Menurutnya, danau-danau di Bali yang berada di wilayah pertanian menghadapi ancaman serius dari penggunaan pestisida, pupuk kimia, limbah domestik, hingga erosi lahan. Kondisi tersebut menyebabkan eutrofikasi atau meningkatnya kesuburan perairan yang berdampak pada menurunnya kadar oksigen di dalam air.
Prof. Kartini menyebut salah satu indikasinya terlihat di Danau Batur yang mulai berubah warna menjadi hijau dan memicu kematian ikan akibat rendahnya kadar oksigen.
Empat danau besar di Bali yakni Danau Beratan, Danau Tamblingan, Danau Batur, dan Danau Buyan disebut mengalami penurunan kualitas air. Selain pencemaran, sedimentasi juga menyebabkan pendangkalan danau secara signifikan.
Ia mengungkapkan kedalaman Danau Buyan yang sebelumnya sekitar 140 meter kini tersisa sekitar 80 meter. Sementara Danau Batur yang dulunya mencapai 120 meter kini berkisar antara 64 hingga 80 meter.
Kondisi tersebut juga berdampak pada menurunnya debit mata air yang menjadi sumber air masyarakat. Selain itu, keberadaan keramba jaring apung dan dominasi ikan invasif jenis red devil di Danau Batur turut mengancam populasi ikan lokal endemik.
Untuk menjaga ekosistem danau, Prof.

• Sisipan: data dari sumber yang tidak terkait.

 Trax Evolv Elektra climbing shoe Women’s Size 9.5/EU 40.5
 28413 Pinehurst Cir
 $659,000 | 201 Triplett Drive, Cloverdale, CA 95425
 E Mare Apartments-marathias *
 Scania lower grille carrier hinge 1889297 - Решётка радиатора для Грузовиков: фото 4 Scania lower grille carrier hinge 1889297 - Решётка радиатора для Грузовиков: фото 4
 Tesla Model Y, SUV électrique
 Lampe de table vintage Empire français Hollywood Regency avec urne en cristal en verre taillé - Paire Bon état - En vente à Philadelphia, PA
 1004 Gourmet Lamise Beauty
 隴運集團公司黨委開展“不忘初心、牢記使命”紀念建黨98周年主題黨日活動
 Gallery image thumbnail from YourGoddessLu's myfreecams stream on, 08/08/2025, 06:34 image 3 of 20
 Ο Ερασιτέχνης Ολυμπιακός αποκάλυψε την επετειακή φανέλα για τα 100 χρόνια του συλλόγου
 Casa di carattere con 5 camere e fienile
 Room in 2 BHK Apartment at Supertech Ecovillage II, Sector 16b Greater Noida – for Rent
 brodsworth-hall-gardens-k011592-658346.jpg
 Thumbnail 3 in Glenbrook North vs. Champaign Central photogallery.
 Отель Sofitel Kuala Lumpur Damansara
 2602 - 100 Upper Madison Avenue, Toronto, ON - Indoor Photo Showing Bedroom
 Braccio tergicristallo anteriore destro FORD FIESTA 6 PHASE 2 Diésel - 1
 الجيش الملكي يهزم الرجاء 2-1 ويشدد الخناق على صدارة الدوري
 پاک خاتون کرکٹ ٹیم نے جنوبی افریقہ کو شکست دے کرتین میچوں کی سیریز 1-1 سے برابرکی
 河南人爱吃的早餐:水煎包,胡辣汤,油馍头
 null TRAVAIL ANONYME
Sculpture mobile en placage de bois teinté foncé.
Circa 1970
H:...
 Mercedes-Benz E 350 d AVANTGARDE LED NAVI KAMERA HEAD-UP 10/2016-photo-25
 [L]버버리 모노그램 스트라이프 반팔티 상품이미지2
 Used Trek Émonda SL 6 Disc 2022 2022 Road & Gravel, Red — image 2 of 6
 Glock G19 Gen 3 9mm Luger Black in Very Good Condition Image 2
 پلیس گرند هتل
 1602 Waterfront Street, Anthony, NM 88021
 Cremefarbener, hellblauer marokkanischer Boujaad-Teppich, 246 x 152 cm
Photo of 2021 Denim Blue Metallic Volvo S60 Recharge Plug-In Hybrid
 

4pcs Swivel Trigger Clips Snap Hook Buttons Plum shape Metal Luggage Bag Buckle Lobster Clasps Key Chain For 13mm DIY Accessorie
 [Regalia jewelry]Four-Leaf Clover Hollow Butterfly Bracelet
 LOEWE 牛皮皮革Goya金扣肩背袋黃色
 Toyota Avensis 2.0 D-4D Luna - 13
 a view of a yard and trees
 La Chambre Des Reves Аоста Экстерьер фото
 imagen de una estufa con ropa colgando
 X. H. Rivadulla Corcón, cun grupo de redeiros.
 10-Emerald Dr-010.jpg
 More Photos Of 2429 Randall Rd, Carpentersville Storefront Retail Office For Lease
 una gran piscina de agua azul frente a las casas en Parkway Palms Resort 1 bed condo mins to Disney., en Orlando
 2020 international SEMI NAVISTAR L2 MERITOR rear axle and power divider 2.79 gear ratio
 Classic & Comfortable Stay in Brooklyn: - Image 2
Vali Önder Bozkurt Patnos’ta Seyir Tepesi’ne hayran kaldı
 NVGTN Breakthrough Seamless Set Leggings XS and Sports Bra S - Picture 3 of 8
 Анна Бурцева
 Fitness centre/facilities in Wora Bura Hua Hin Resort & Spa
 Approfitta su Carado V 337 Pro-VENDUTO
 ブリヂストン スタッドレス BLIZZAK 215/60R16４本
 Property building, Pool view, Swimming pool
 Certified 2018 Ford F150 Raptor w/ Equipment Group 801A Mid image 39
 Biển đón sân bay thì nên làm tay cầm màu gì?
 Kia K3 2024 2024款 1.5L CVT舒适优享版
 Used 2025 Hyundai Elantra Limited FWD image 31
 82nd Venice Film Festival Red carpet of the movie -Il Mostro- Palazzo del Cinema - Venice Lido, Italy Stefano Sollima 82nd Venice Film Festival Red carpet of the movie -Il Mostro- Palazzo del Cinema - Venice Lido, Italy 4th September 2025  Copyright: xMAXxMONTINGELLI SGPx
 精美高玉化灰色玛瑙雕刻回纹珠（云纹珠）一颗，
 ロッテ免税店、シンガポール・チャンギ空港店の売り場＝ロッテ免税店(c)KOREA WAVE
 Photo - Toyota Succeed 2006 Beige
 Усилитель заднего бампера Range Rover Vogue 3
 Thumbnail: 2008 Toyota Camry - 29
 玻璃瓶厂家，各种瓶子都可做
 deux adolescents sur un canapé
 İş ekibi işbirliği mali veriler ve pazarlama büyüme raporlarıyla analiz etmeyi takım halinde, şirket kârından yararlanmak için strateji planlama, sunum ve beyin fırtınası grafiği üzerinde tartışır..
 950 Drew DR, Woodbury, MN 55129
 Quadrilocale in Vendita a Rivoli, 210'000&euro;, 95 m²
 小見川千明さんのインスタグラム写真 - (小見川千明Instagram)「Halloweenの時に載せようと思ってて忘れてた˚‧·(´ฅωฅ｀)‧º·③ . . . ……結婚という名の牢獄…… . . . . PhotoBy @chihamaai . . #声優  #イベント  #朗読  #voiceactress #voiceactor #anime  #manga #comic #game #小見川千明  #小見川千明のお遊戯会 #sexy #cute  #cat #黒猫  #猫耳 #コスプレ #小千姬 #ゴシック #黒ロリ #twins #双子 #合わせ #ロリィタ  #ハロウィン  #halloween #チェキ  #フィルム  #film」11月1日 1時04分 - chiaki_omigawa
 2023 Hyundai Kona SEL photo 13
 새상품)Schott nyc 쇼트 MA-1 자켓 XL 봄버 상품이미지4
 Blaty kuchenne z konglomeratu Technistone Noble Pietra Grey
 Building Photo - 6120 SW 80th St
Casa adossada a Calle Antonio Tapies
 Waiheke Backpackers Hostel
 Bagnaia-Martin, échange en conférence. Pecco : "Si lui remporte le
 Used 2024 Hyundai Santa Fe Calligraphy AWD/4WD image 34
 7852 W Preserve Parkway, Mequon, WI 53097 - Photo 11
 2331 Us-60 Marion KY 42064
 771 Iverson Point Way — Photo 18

Kartini mendorong penerapan pertanian organik, pengelolaan limbah terpadu, serta pengawasan pembangunan di kawasan sempadan danau. Ia juga menilai pelestarian danau membutuhkan kolaborasi antara pemerintah, masyarakat, dan seluruh pemangku kepentingan agar upaya pemulihan lingkungan dapat berjalan berkelanjutan.